Downes et ses camarades ont tenu à donner une nouvelle appelation à leur discipline afin de marquer la différence entre leur approche et les études paranormales. Bien qu’il se considère comme étant l’un des premiers cryptozoologues à temps complet, Downes occupe une fonction relativement classique, en passant le plus clair de son temps à discréditer les idées reçues sur les monstres et à classer des détails avérés concernant des espèces rares. Mais au delà de ses méthodes scientifiques, le CFZ s’attache toujours à chasser des monstres. Parmi leurs plus grands exploits, on peut compter un livre sur l’orang pendek (l’équivalent indonésien de Bigfoot), des documentaires sur le Chupacabra et plusieurs expéditions dans le désert de Gobi à la recherche de l’olgoï-khorkhoï, un ver mongole cracheur d’acide.

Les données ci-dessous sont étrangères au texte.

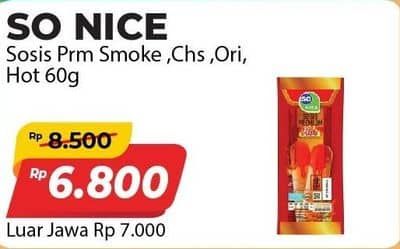 Promo Harga So Nice Sosis Siap Makan Premium Smoked Bratwurst, Keju, Original, Hot 60 gr - Alfamart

Jonathan Downes. Photo via
Si les cryptozoologues ont toujours été un peu marginaux, les gens ne s’en sont pas toujours autant méfiés. Dans les années 1950 – soit l’époque où la découverte de créatures comme les gorilles des montagnes, les dragons de Komodo et les okapis étaient chose courante – le pétrolier Tom Sliwk et le célèbre alpiniste Sir Edmund Hillary ont lancé des expéditions dans l’Himalaya afin de chasser le yéti. Faute d’être condamné au ridicule pour le restant de leurs jours, ils ont reçu énormément de soutien et leur initative a été vivement acclamée.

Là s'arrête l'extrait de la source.